The European Union has taken an unprecedented step towards strengthening its common security and defence policy. The SAFE (Security Action For Europe) programme is the largest ever project set up to finance the development of the defence industry and the modernisation of the armed forces of Member States using EU funds. In this article, we discuss the main objectives of the programme, its legal instruments and the tax implications for entities participating in defence procurement.
The SAFE programme was established under Council Regulation (EU) 2025/1106 on the European Defence Industry Instrument. Its overarching objective is to enhance security in Europe by comprehensively strengthening the European defence industry and providing Member States with the financial support necessary to make significant investments in the defence sector's manufacturing capabilities.
The programme is part of the European Union's broader strategy to achieve strategic autonomy in the field of defence, which has acquired particular significance in the context of Europe’s changing security environment.
Main legal instruments in the SAFE programme
The SAFE regulation contains two primary mechanisms to support Member States:
- Low-interest loans to Member States
The main financial instrument in the programme are loans granted to Member States out of an allocated budget of EUR 150 billion. These funds will be available on preferential terms. The allocation of funds is proportional to the defence capabilities and needs of individual countries. According to estimates, Poland may be one of the main beneficiaries of the instrument.
- Simplified defence procurement procedures
The second pillar of the programme is the introduction of simplified procedures for awarding contracts for defence-related products. These contracts may be executed in the form of international cooperation involving at least one EU Member State receiving support from the SAFE instrument and an additional Member State, an EEA-EFTA country (members of the European Free Trade Association belonging to the European Economic Area) or Ukraine. The regulation also allows the participation of third countries with which the European Union has entered into partnership in the field of security and defence.
It is important to note that the cooperation mechanism may also cover existing public procurement agreements, subject to meeting the required criteria. This makes it possible to include ongoing armament projects in the system of preferential terms provided by SAFE.
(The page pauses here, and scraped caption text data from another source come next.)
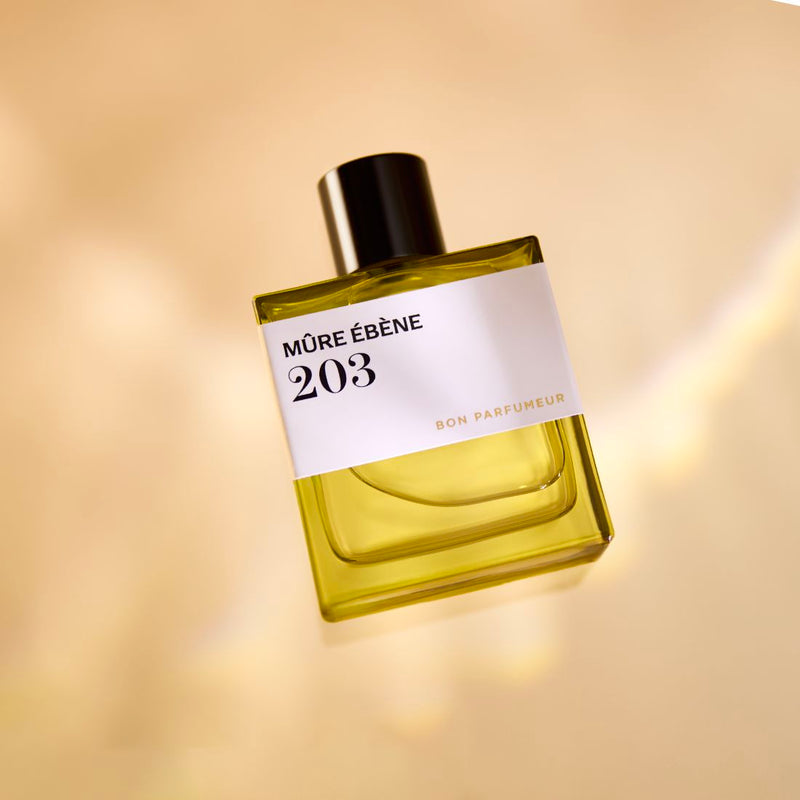 203 Mure Ebene Eau de parfum fruitée Bon Parfumeur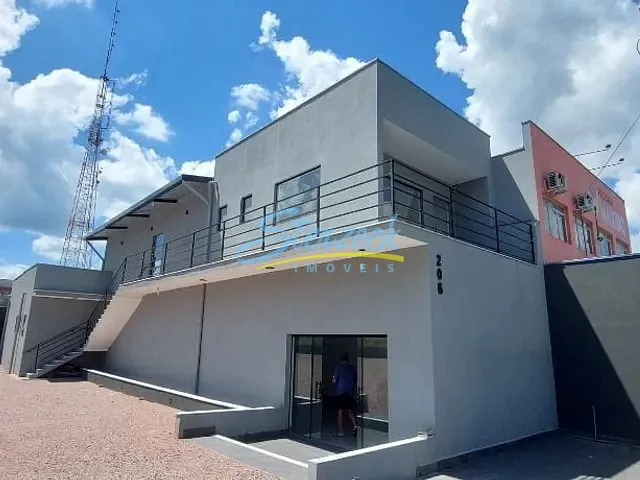 Prédio com 720m², para alugar, no bairro Marambaia em Vinhedo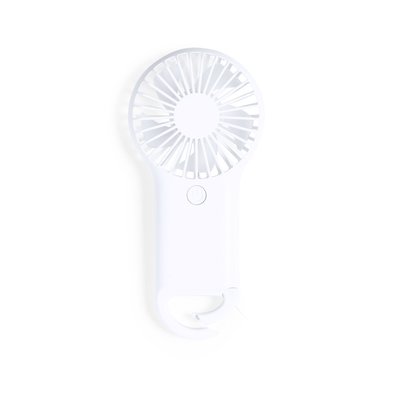 Ventilador Portátil con Mosquetón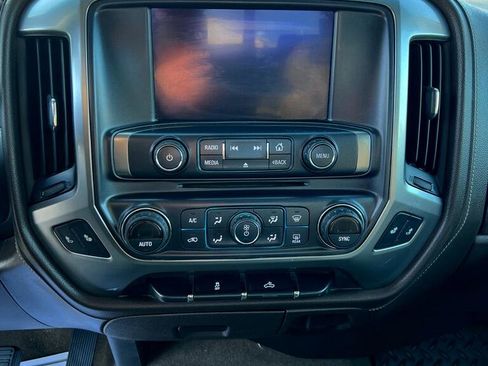 Used 2017 Chevrolet Silverado 1500 LTZ w/ Sport Package image 11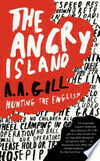 Cover for The Angry Island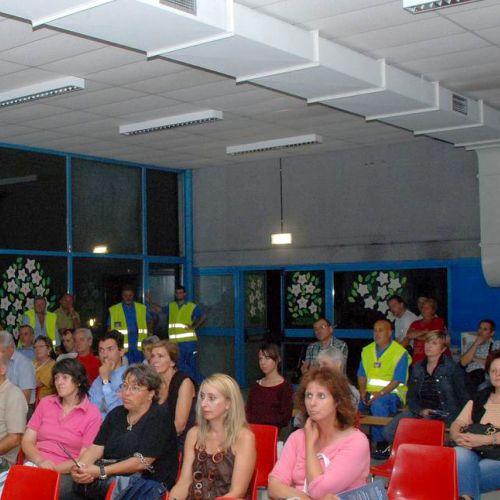 Notte Bianca per Rumore Bianco n. 3 / 29164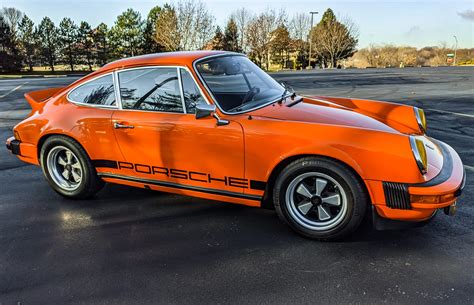 1974 Porsche 911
Requirements concerning the origin of contractors
The SAFE regulation lays down strict requirements concerning the origin of contractors, subcontractors and infrastructure used for production. The participation of third parties, i.e. entities from outside the EU and EEA, is subject to major restrictions. This is to ensure that EU funds primarily support the European defence industry and that critical military technologies remain under the control of European entities.
Tax implications: VAT exemption
One of the key benefits provided by the SAFE programme is a VAT exemption for transactions carried out under cooperation agreements. This exemption includes the right to deduct VAT paid at the previous stage of the transaction, which means that entities retain the full right to deduct input tax while at the same time being exempt from output VAT.
The scope of the exemption covers:
- supplies of defence-related products or other products for defence purposes
- intra-Community acquisitions of those products
- imports of defence products from third countries.
Investment plan for the Polish armed forces
Poland is one of the most actively involved countries in the SAFE programme. The government plans to allocate the funds obtained to implement 139 modernisation projects for the Polish Army. A detailed list of defence-related products covered by the planned investments remains classified for reasons of national security.
Status of legislative work and entry into force
Nineteen Member States have already joined the SAFE mechanism. The act implementing the SAFE programme in Poland was passed by the Sejm on 13 February and by the Senate on 19 February 2026. The next step will be to submit the act to the President of Poland, Karol Nawrocki, for signature.
The SAFE programme opens a new chapter in European defence policy and presents an unprecedented opportunity for the Polish defence industry. Defence sector business owners who would like to take advantage of the SAFE programme should already be preparing for new opportunities by analysing the programme's requirements and adapting their corporate structures and compliance procedures to the regulation’s requirements.